_PROVIDED RECORDS_.
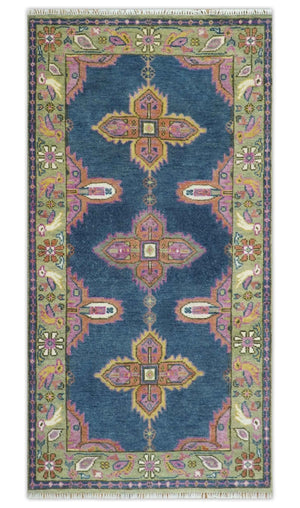 Hand Knotted Blue, Silver and Pink Traditional Heriz Serapi Wool Rug, Living Room and Bedroom Rug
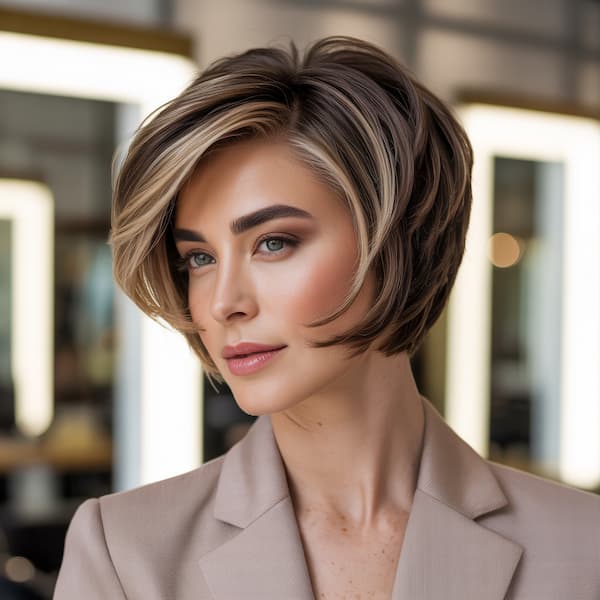 Stacked Bob with Color Highlights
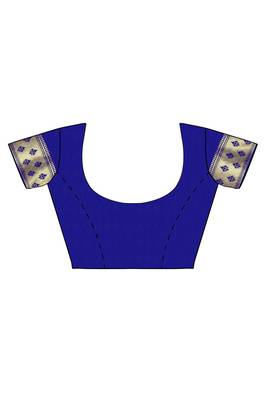 Blue woven silk blend saree with blouse 5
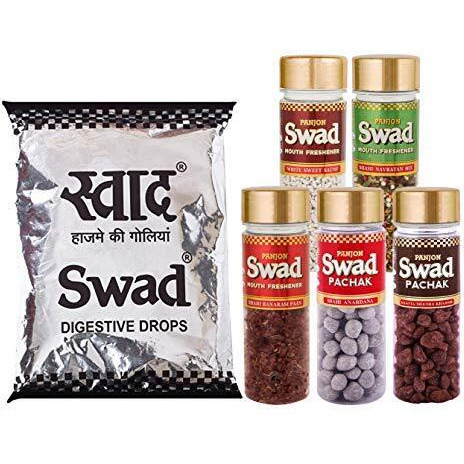 Swad Candy Pack (25 Digestive Toffees) & After Meal Mouthfresheners (White Sweet Saunf, Anardana, Khatta Meetha Aam, Banarasi Paan & Navratan Mukhwas Pachak) 6 Pcs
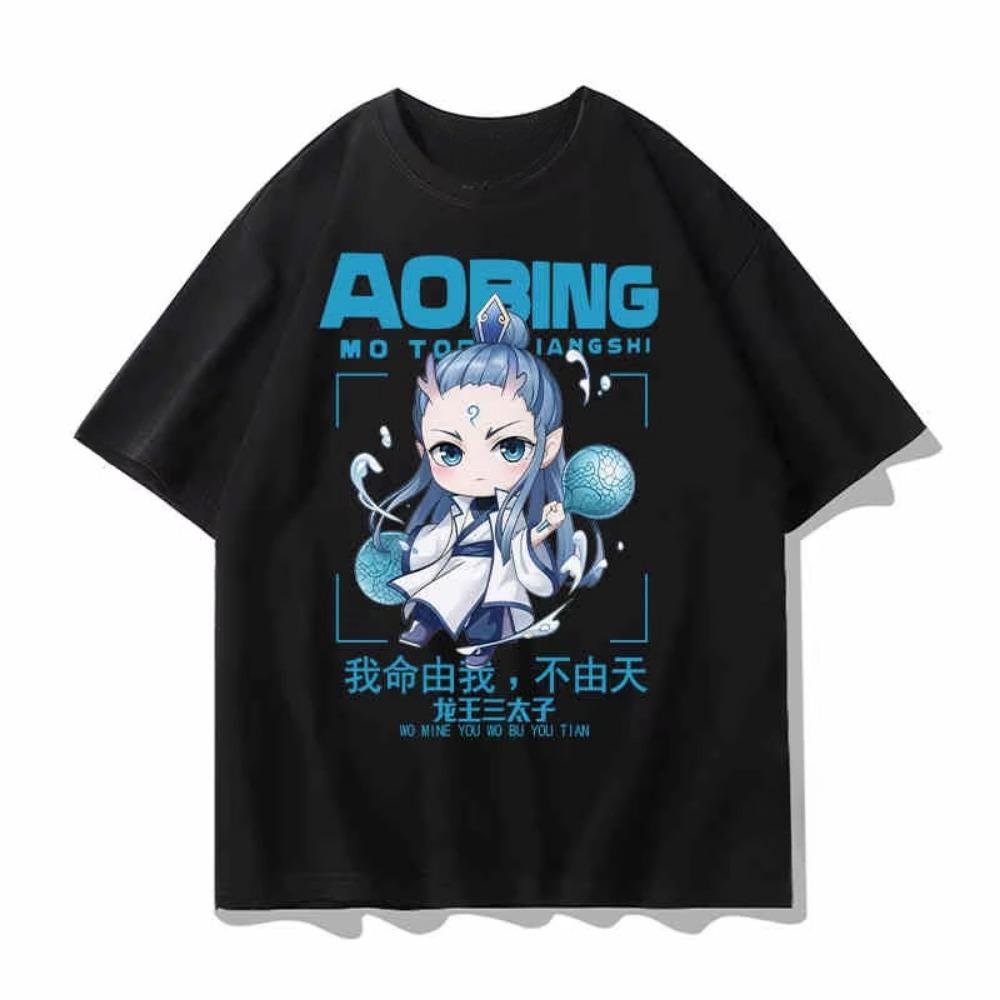 

Мужские и женские анимационные фильмы интересны и креативны, с героями мультфильма «Нэчжа», напечатанными на красивых хлопковых футболках летом XL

_TASK DESCRIPTION_.
The answer must consist solely of the lines from the first line of the data through the line containing "Swad Candy Pack", inclusive, reproduced exactly and without pictures.

_ANSWER BOX_.
 Hand Knotted Blue, Silver and Pink Traditional Heriz Serapi Wool Rug, Living Room and Bedroom Rug
 Stacked Bob with Color Highlights
 Blue woven silk blend saree with blouse 5
 Swad Candy Pack (25 Digestive Toffees) & After Meal Mouthfresheners (White Sweet Saunf, Anardana, Khatta Meetha Aam, Banarasi Paan & Navratan Mukhwas Pachak) 6 Pcs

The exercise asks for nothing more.